The UF Health Palliative Care Team
The UF Health Palliative Care Team at the University of Florida was established in 2014. The team provides patients with relief from pain and encourages living actively. The team helps patients plan for the future by setting goals for care. Patients’ spiritual needs and mental health are also a priority. One of the main focuses of the team is maintaining a patient's desired quality of life. The sections below feature a few members of the UF Health Palliative Care Team and provide more information about their roles.
Dr. Sheri Kittelson has worked at UF Health for 13 years and has held the role of Palliative Care Division Chief for the past five years. After recognizing that the hospital did not have a palliative care program, she realized the need for this discipline. This compelled her to advocate for the implication of a team to make conditions better for seriously ill patients.
"When I was treating patients as a hospitalist, I recognized that this was one of my favorite areas of medicine that some people shy away from. Being able to sit down and talk with families for an hour about what to expect in the future, not fearing disease progression ... Taking care of people isn't necessarily about dying, it's about living with the best quality of life possible with the time someone has left."
Dr. Sheri Kittelson
Debra Hepburn has been a chaplain for 21 years and started her ministry at UF Health in September of 2011. She provides religious counseling and helps patients when they have questions regarding the "meaning" of their disease. She describes the toughest part job as having to act as a "liaison" between health care providers and families.
"At the end of life, we find people often experience what we call an existential crisis. So, when the chaplain is called, the role is to do spiritual assessment ... Some people have distinct religious beliefs and we try to help them unpack those beliefs to see if there's something that we can do to facilitate them getting the kind of religious help they need."
Chaplain Debra Hepburn - Courtesy of UF Health
Dr. Leslye Pennypacker has worked at The Malcolm Randall VA Medical Center taking care of World War II veterans for decades. She recently became part of the palliative care team at the UF Health Shands Hospital.
Dr. Pennypacker's role as a palliative care provider is about making sure patients with serious illnesses have the best time possible. She describes quality care as managing a patient's symptoms as much as possible.
"It was the vets ... that's primarily whom I was seeing in geriatrics in a VA setting, but I didn't want to let go of them just because they were at a point in their life where they needed something I didn't have, some training I didn't have. So, that really was the impetus for me to learn hospice and palliative care as a separate effort." Dr. Leslye Pennypacker
Dr. Marie-Carmelle Elie currently holds the title of associate professor in the Department of Emergency Medicine. She also works in the disciplines of Critical, Hospice and Palliative care.
She teaches medical students, residents, and fellows as well as conducts research in palliative care.
Dr. Elie's role in the palliative care team is to serve on the consulting team where she focuses on patients in the ICU(Intensive Care Unit) and the emergency room.
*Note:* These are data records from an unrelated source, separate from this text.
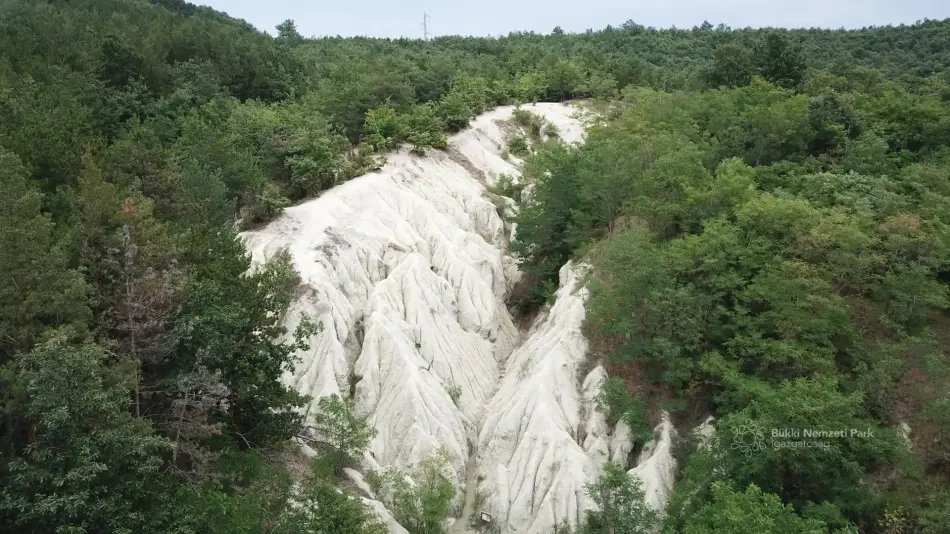 Kazári Riolittufa, Kazár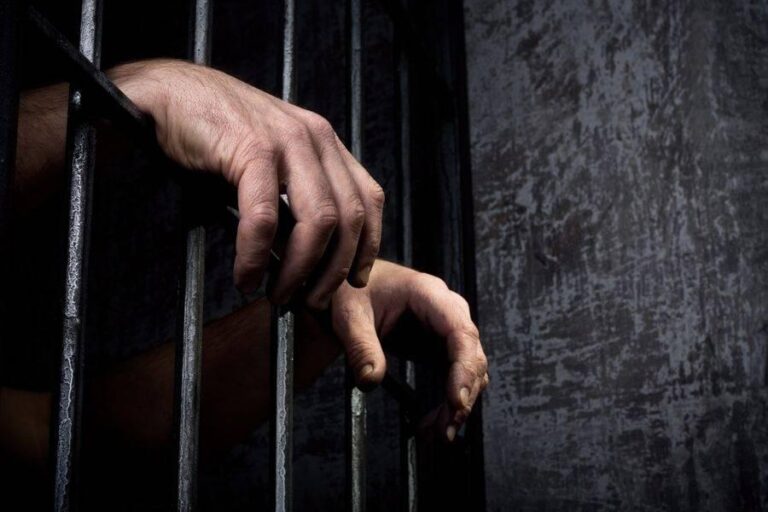 8 років за гратами: мешканець Карлівки отримав вирок за жорстоке побиття неповнолітньої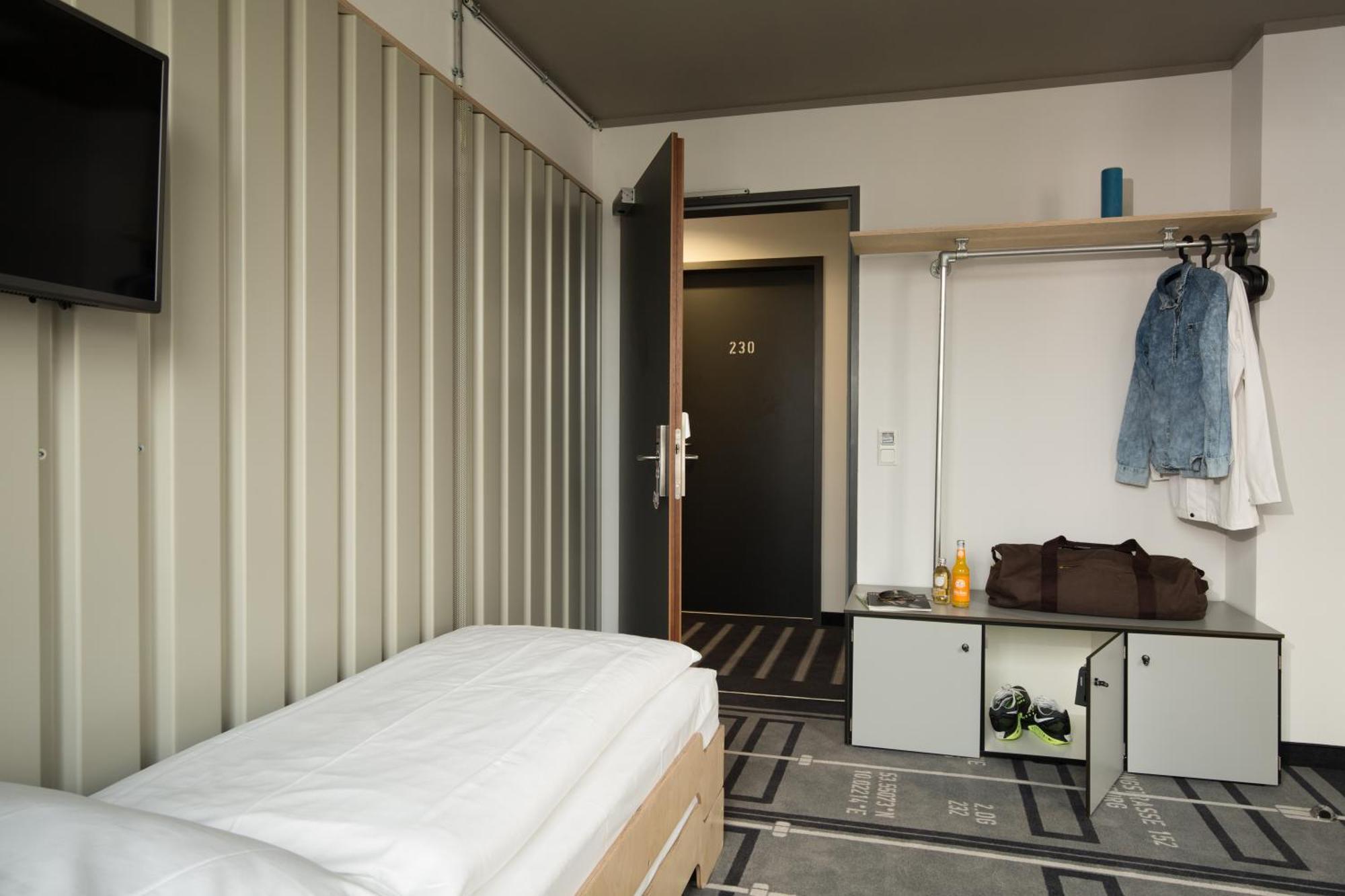 Hotel Superbude St Georg 2*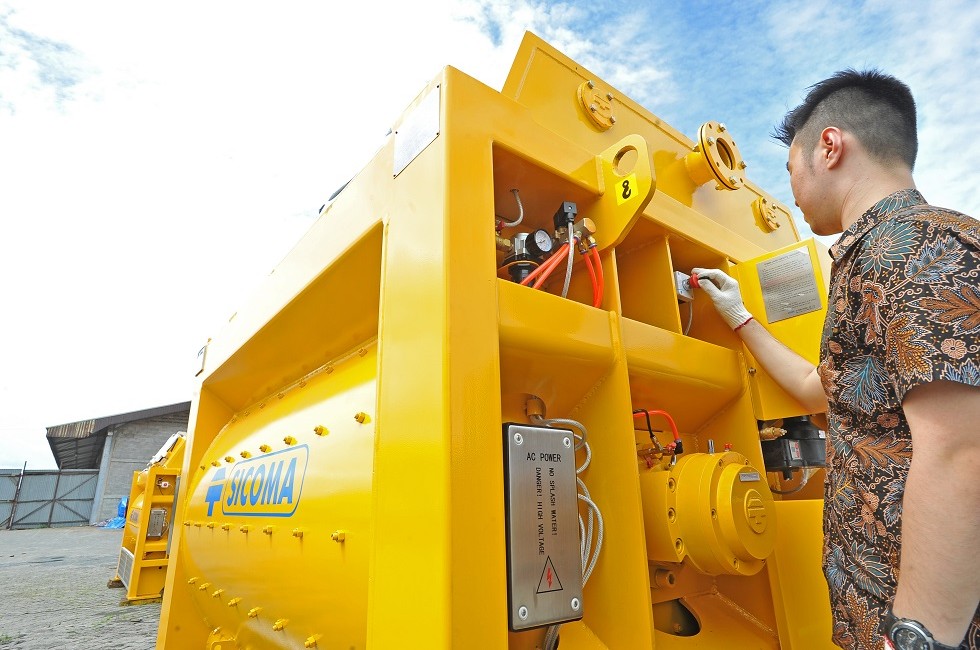 Cara Menyesuaikan Kapasitas Discharge dari Pompa Mixer Beton?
"In [the ICU], of course, I'm providing them [patients] care and treating their symptoms. But I also have an opportunity to talk to them about their values, and what they expect over the course of their care while they're in the hospital. I come up with a plan very early on for them that aligns with their values and assures that the things that we do in the hospital are very reflective of their expectations of our care."
Dr. Marie-Carmelle Elie
Dr. Melinda Rullan-Varella is currently a palliative care physician. She has previously worked in internal medicine, critical care, and trauma treatment. She works for the in-patient counsel service at UF Health Shands Hospital. Dr. Rullan-Varella assisted the chronically ill pulmonary patients and acutely ill surgical patients that were coming off ventilators before her work at UF Health Shands Hospital.
"The program here requested my help so that we can, together, help the patients that need palliative medicine in the hospital, specifically in the ICU."
Dr. Melinda Rullan-Varella
Dr. Melinda Rullan-Varella
Caroline Rehfuss started working as a Physician Assistant at the UF Health Shands Children's Hospital after feeling "burnt out" by her years working in the emergency room. Rehfuss joined the Palliative Care team three years ago. She specializes in pediatric palliative care and currently holds the title of Pediatric Palliative Care Director. She commonly treats children diagnosed with: Cerebral palsy, cystic fibrosis muscular dystrophy and a wide range of childhood cancer.
"I was drawn to palliative care because these children are going through horrible, horrible things and this was one thing I could do to make life easier on them and better for them."